Story by Rich Donnell,
We appear to be ending 2010 about like we ended 2009—stuck in the housing mud. But as bad as it was economically, it wasn’t boring. Here’s a recap:
- Wood pellet plants and woody biomass power plants continued to be announced left and right, including the largest wood pellet plant in the world in Waycross, Ga., operating as Georgia Biomass and owned by Germany’s RWE Innogy. The plant broke ground in March.
- The federal government’s Biomass Crop Assistance Program (BCAP) for renewable energy projects was temporarily suspended. Several forest products groups took the position that BCAP provided an unfair subsidy program that could have disastrous consequences on the traditional wood supply chain.
- Timber Processing named Steve Singleton, General Manager of Canfor-New South at Camden, SC, as the magazine’s 22nd annual Man of the Year.
- Simonds Interational purchased major cutting tools manufacturer and supplier Pacific/Hoe.
- Henry W. Culp, Jr., president of H.W. Culp Lumber, New London, NC, died at age 88.
- Collins Companies started up a new hardwood sawmill at Boardman, Ore., sawing hybrid poplar stock called Pacific Albus.
- Domtar sold its forest products business, including five sawmills, to EACOM Timber of Montreal.
- Lumber exports to China from Canada continued to skyrocket.
- Emerald Forest Products started up a new sawmill in Emmett, Id.
- Dixon Lumber restarted its southern yellow pine sawmill in Eufaula, Ala., as did Harrigan Lumber in Monroeville, Ala.
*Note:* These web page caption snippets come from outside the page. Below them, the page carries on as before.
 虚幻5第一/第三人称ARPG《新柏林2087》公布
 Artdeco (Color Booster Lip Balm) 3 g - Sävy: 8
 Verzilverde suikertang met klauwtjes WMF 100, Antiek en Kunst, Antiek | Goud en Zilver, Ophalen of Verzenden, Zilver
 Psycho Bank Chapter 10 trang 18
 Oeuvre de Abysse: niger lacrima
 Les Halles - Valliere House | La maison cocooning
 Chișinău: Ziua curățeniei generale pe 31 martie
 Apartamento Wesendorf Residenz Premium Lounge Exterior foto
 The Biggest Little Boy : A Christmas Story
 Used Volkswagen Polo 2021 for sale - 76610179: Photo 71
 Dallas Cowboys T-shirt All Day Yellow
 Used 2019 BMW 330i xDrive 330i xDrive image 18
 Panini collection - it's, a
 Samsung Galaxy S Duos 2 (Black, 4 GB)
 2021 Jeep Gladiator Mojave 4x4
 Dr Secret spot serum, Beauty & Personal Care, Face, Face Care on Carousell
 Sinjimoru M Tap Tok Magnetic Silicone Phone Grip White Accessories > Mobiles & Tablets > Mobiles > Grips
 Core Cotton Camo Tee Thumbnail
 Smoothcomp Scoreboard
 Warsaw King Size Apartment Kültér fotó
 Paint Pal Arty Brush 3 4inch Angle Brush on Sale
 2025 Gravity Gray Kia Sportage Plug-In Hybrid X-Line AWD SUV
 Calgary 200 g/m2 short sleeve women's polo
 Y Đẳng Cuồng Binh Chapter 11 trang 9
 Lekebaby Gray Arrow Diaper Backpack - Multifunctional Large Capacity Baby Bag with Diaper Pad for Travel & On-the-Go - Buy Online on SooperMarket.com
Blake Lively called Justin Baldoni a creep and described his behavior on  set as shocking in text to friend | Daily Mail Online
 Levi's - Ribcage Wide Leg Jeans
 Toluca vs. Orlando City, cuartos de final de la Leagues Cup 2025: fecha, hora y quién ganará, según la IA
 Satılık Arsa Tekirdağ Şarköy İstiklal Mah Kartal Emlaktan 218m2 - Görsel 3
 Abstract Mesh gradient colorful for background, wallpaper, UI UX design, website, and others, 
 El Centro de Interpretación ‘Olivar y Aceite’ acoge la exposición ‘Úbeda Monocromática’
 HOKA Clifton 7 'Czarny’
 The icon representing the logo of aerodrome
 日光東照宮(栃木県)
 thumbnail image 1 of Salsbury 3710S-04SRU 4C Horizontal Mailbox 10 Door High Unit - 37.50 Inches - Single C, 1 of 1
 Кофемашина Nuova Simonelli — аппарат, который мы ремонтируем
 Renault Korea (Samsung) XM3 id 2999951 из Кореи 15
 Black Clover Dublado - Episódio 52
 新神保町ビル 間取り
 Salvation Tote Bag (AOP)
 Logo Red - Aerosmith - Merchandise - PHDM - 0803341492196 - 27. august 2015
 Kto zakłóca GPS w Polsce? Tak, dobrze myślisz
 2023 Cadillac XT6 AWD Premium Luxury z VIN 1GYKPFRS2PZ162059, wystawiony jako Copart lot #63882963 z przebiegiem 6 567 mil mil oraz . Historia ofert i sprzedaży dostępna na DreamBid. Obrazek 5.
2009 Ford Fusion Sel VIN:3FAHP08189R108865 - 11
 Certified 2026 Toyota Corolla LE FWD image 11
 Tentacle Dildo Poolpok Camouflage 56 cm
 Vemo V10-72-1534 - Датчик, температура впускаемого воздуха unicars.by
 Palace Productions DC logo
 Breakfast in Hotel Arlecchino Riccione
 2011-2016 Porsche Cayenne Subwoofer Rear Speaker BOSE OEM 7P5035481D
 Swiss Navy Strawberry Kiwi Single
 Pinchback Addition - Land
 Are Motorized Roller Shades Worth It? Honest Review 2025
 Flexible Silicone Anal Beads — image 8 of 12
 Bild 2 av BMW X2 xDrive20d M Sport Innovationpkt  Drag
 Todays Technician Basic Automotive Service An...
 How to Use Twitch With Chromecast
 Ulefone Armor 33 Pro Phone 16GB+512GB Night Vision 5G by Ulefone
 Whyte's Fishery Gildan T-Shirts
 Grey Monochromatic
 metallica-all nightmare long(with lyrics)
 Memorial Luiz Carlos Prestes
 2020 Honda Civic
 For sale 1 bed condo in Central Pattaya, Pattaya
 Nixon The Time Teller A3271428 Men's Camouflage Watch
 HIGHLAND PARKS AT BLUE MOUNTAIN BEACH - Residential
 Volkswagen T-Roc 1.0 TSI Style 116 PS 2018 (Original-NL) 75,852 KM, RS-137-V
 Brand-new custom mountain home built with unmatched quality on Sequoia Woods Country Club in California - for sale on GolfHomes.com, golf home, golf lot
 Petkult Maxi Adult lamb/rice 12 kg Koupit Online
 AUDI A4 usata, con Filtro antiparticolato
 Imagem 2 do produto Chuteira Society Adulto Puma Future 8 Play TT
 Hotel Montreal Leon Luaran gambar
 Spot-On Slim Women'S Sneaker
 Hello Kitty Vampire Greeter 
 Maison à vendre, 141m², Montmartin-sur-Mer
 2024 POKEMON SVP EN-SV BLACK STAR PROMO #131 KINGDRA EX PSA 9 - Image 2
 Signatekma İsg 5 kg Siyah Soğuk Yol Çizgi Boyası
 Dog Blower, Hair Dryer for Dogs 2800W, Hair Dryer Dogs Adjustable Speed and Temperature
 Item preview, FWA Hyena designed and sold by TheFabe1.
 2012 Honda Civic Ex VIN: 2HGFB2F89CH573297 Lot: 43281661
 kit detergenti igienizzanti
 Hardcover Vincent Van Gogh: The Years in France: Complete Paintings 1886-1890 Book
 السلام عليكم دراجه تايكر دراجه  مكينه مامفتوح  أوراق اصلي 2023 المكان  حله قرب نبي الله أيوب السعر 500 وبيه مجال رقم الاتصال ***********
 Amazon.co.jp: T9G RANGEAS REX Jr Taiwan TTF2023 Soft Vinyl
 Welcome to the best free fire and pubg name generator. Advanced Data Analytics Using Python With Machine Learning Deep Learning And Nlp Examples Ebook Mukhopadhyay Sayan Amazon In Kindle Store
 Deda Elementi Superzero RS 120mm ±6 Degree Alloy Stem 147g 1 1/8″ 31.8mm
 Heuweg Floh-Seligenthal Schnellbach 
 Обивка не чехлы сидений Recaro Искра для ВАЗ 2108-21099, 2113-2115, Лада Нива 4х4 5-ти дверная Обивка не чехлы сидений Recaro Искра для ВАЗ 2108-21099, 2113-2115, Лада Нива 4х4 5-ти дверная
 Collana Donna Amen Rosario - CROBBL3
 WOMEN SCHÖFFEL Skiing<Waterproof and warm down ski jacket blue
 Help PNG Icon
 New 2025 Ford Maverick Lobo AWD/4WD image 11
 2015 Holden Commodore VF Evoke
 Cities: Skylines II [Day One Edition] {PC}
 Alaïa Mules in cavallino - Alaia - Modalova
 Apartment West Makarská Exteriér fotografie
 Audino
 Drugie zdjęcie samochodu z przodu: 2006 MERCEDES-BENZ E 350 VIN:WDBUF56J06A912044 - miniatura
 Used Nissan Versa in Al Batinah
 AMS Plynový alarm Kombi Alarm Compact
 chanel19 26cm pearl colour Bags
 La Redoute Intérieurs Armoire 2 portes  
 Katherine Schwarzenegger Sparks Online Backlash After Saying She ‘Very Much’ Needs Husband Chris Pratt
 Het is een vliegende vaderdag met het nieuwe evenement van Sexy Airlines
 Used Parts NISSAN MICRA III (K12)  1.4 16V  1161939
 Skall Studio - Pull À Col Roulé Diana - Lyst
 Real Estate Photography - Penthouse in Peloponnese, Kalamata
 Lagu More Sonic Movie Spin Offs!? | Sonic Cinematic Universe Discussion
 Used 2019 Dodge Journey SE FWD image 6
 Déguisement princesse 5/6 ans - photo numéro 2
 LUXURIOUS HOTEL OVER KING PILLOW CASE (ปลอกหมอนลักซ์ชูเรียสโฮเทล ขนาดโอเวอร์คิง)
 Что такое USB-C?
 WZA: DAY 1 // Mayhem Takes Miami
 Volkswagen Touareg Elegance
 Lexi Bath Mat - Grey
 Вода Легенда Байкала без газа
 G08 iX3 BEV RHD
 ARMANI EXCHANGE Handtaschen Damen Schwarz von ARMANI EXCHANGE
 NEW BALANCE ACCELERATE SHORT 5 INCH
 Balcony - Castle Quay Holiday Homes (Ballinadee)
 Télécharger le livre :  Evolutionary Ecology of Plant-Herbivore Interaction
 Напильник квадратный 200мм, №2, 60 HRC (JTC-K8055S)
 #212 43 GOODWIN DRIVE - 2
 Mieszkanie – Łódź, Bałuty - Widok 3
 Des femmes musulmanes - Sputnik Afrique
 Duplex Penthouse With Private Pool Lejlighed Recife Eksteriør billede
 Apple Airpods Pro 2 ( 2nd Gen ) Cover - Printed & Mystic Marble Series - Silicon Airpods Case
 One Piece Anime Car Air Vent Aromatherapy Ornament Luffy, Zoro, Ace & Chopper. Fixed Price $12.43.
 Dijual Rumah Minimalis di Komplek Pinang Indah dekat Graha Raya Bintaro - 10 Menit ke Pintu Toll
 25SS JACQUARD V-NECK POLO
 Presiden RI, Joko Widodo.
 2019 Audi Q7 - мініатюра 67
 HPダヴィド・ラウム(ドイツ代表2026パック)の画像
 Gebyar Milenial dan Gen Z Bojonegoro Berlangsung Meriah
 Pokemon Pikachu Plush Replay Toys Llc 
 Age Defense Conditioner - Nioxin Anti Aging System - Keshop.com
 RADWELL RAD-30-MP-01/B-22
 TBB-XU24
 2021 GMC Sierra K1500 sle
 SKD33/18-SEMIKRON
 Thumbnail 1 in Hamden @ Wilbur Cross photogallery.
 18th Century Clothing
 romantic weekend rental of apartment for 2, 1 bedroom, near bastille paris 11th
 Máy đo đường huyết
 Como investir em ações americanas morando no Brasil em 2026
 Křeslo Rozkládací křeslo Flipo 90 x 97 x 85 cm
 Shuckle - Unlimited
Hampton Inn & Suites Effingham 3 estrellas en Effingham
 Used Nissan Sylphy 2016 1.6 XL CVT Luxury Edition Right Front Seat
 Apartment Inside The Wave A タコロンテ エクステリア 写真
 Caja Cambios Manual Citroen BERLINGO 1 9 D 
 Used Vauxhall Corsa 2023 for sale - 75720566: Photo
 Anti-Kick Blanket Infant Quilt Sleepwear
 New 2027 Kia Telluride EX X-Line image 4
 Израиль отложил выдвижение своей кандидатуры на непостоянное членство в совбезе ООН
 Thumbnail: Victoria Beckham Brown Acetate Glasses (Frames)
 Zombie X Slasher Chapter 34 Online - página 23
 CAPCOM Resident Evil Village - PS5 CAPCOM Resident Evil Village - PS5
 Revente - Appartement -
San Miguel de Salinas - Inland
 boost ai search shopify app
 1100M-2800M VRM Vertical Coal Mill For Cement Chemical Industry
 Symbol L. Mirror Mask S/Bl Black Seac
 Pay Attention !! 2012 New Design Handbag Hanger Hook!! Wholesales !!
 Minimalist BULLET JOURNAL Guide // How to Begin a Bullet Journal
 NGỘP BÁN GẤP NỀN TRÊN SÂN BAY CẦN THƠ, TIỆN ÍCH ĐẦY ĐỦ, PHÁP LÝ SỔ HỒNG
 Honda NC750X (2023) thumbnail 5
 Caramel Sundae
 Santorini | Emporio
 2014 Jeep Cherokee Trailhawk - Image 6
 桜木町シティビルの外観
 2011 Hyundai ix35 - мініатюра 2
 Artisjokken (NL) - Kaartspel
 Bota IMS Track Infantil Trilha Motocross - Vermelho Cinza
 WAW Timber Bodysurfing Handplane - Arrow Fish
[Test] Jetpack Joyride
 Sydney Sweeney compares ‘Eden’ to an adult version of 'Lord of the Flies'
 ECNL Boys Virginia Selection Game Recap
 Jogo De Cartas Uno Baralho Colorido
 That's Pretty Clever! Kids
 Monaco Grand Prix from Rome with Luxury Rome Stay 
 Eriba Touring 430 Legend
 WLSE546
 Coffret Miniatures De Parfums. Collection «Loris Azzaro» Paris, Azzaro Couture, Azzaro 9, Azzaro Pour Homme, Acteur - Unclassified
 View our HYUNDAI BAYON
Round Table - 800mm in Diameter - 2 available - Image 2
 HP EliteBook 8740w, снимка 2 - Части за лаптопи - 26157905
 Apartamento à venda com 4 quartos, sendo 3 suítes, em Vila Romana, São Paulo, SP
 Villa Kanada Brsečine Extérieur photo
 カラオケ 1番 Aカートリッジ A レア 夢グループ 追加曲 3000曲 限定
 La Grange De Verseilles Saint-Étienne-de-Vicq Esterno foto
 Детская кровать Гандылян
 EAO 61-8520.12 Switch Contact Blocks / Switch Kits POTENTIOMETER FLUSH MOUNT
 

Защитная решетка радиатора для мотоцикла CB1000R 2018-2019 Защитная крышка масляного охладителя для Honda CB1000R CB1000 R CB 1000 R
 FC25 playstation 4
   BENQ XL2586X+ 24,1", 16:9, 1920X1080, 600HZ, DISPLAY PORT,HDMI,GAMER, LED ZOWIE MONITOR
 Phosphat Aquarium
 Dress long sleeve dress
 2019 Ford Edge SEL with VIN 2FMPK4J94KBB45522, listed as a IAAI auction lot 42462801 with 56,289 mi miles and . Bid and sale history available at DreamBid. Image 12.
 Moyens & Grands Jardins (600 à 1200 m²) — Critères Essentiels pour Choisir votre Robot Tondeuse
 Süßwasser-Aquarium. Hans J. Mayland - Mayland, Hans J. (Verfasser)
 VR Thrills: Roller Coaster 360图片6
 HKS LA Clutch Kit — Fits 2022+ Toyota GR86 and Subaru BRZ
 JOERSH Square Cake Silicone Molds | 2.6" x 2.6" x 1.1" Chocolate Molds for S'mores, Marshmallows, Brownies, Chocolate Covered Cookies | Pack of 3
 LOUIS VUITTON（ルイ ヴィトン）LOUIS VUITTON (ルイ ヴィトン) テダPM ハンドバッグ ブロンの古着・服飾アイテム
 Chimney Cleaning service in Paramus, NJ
- Called the largest wood pellet plant in the world when it started up in 2008, Dixie Pellets in Selma, Ala. was sold in bankruptcy to Zilkha Biomass Energy.
- Mason County Forest Products sold its two sawmills in Washington to Simpson Lumber.
- Rex Lumber began renovation at its third sawmill in the South, the former Columbus Lumber mill in Brookhaven, Miss.
- EPA’s proposed Boiler Maximum Achievable Control Technology rules didn’t sit well with companies still immersed in a recession.
- The U.S.-Canada softwood lumber issue heated up again, with U.S. lumber interests saying certain British Columbia stumpage practices resulted in dramatically reduced stumpage costs,
- The Biomass Crop Assistance Program was re-released, and this time emphasized that sawdust sold from sawmills to bioenergy plants was not eligible for the program’s matching payment plan.
- Georgia-Pacific teamed with the Dogwood Alliance and the Natural Resources Defense Council (two long-time “enemies” of the forest products industry) in announcing it will not cut timber on certain eco-sensitive forested areas in the Mid-Atlantic, nor purchase pine from pine plantations recently converted from hardwood forests.
- With this issue, Timber Processing magazine completed its 35th year of publication.